## [What you will do]
Would you print only the lines running from the one with "If in is bigger" to the final line of the data below, word for word and without pictures?

## [Entries supplied]
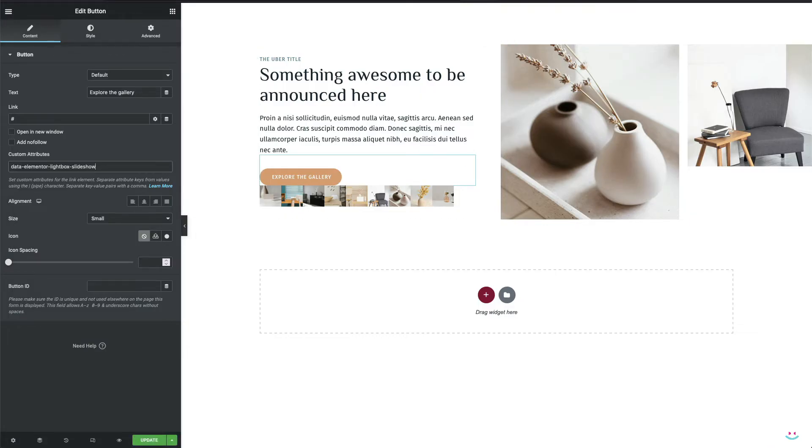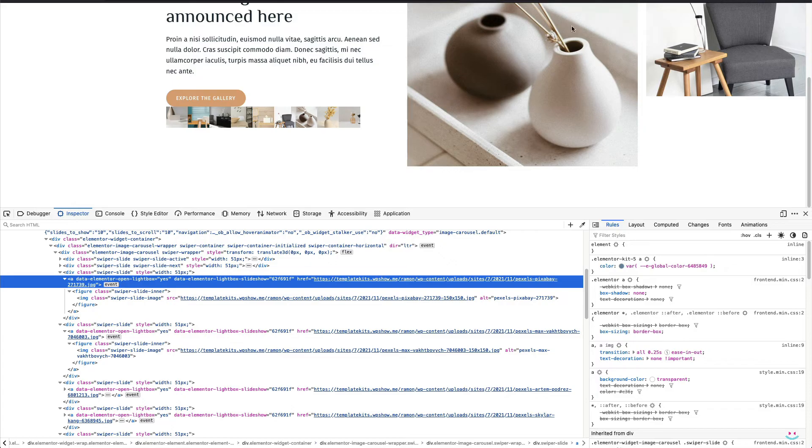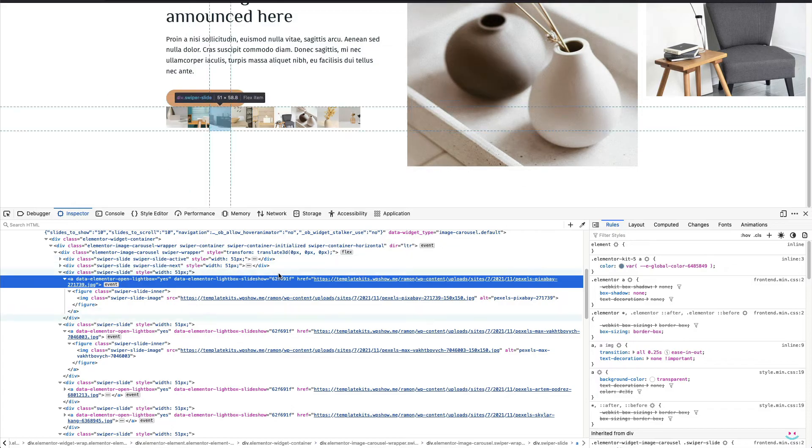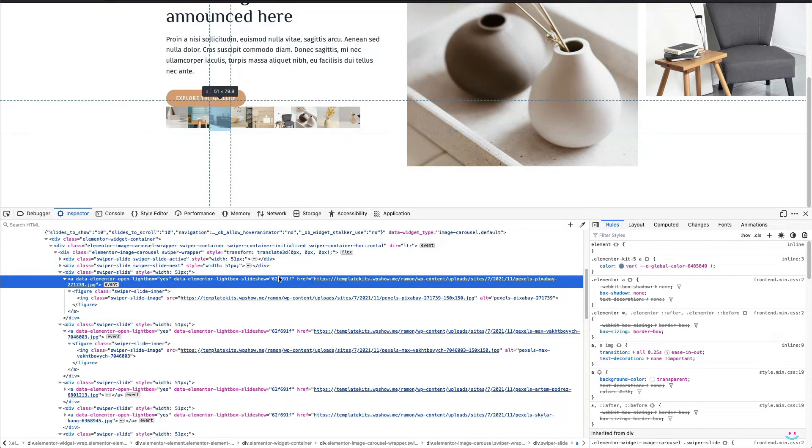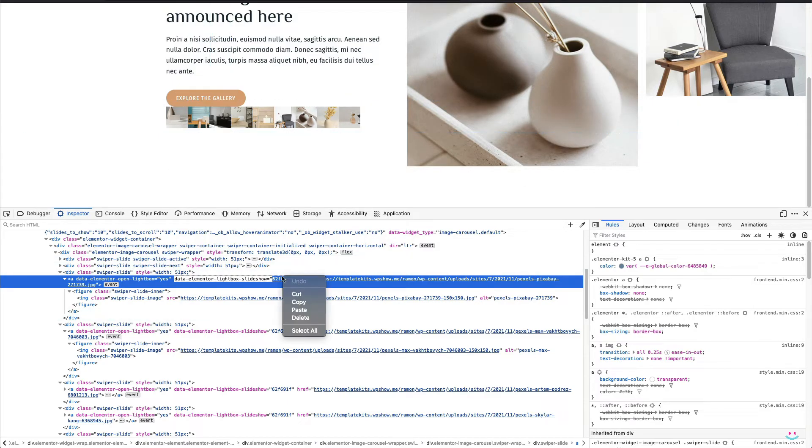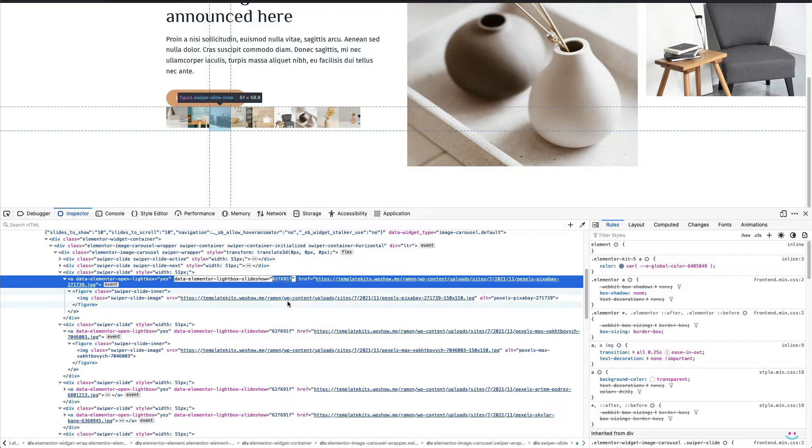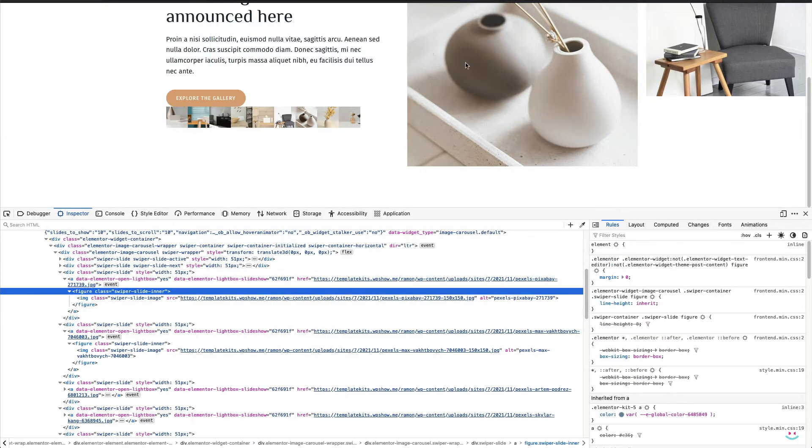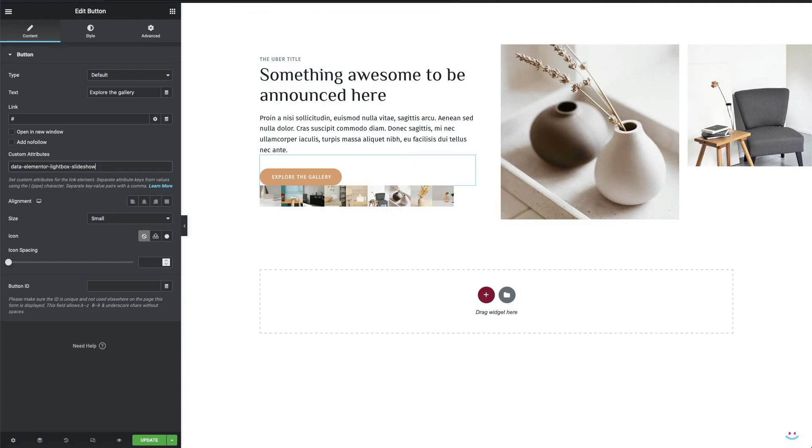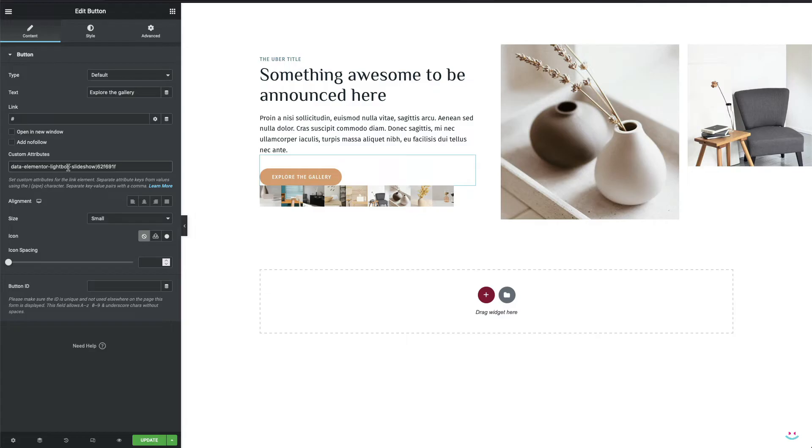Now I have to go back to the preview tab in order to pick up the ID as well. I'm just gonna do the copy paste. Okay, I'll go back to the editor, add the pipe character to separate the key from the value and simply paste that ID after it. Okay, now the big question.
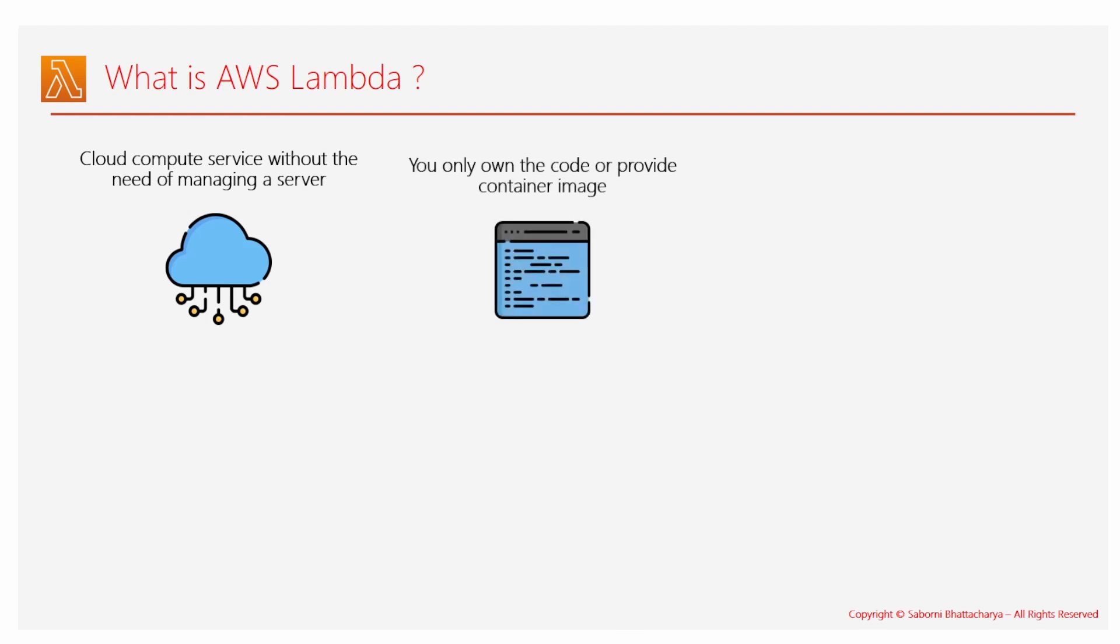Next important part is you are the owner of the code or the container image that you are providing. Next, you have a variety of programming languages that you can choose. Not only Java or Node.js or Python, you can have it on your own. For example, you can even upload a programming language like Rust.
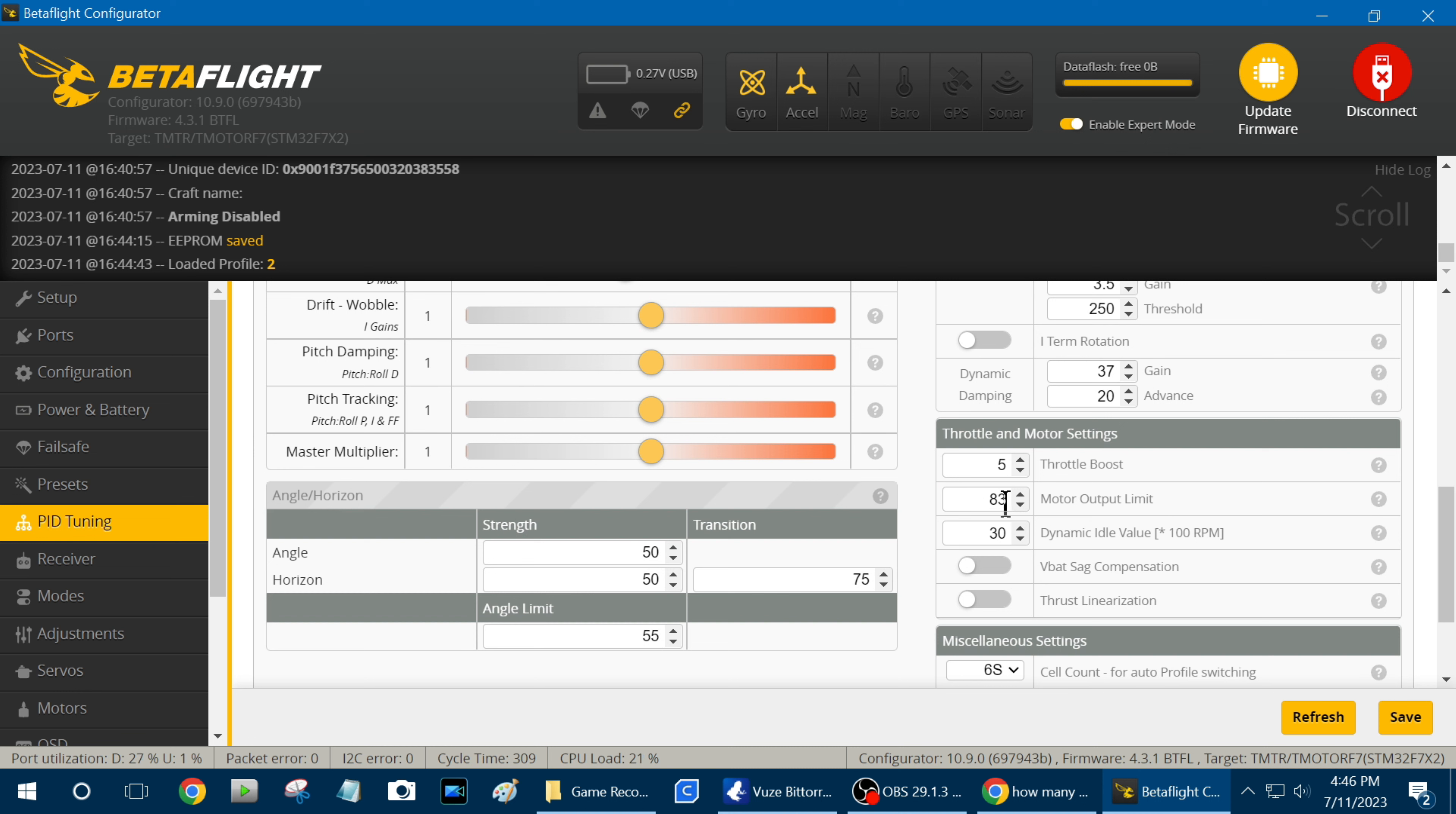This is my 6S setup, and it was too powerful for me, so I put a motor output limit of 83%, that makes it like a 5S battery, even though you've got a 6S on it, it makes it like a 5S battery.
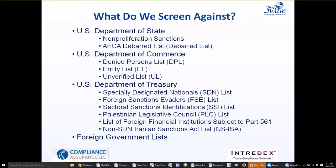Next, we have the Arms Export Control Act Debarred List, or AECA Debarred List. This includes entities and individuals prohibited from participating directly or indirectly in the export of defense articles, including the export of technical data and the performance of defense services. This is promulgated through the Arms Export Control Act, and for those of you operating in the defense article space — in the military sector, defense and aerospace — these sanctions and lists would certainly be applicable to you.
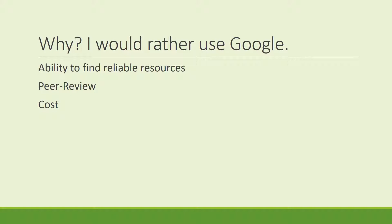Google cannot search for peer-reviewed. The databases can. Also, if you happen to find a peer-reviewed journal article, the publisher will want to charge you anywhere from $20 to $50 to access the journal.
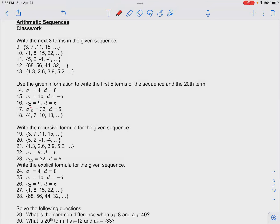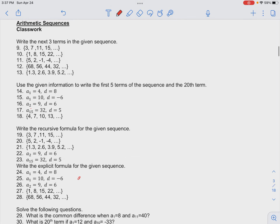In number 25 in your classwork for arithmetic sequences, we want to write the explicit formula for the sequence. The formula for the explicit sequence is a of n equals a1, where a1 here is 10, plus n minus 1 times our d, where d is negative 6.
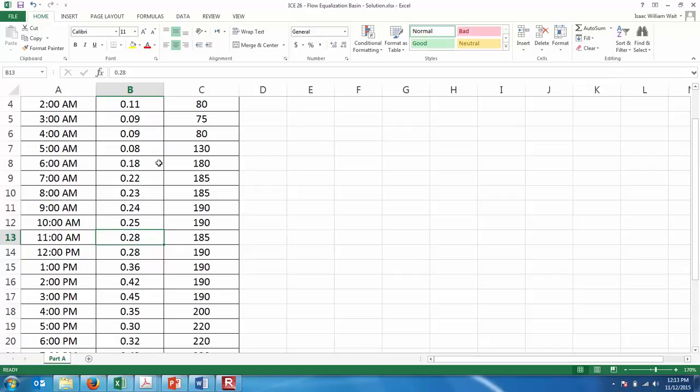If in is bigger than out, the tank will fill — it'll start to accumulate liquid. The flow rate out is the average flow, the 0.270. That's our out.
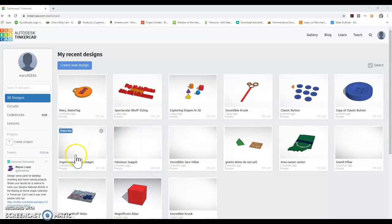Hi this is Mary from First Makerspace and today I'm going to be doing a short tutorial on how to create a nametag.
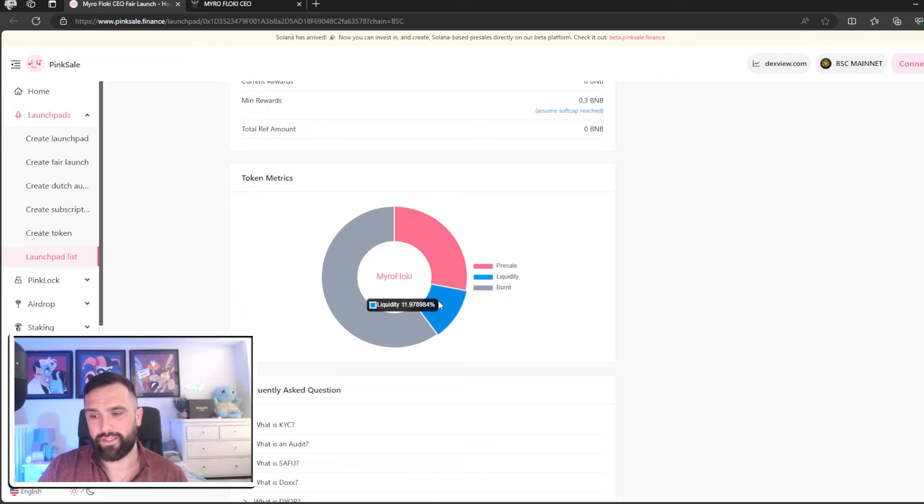Right, now that is Myro Flocky CEO, Myro Flocky coin. So me personally, I'm buzzing to get this into my portfolio. This is definitely something that I'll be looking at again. But as always...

## [Problem solution]
If in is bigger than out, the tank will fill — it'll start to accumulate liquid. The flow rate out is the average flow, the 0.270. That's our out.
Hi this is Mary from First Makerspace and today I'm going to be doing a short tutorial on how to create a nametag.
Right, now that is Myro Flocky CEO, Myro Flocky coin. So me personally, I'm buzzing to get this into my portfolio. This is definitely something that I'll be looking at again. But as always...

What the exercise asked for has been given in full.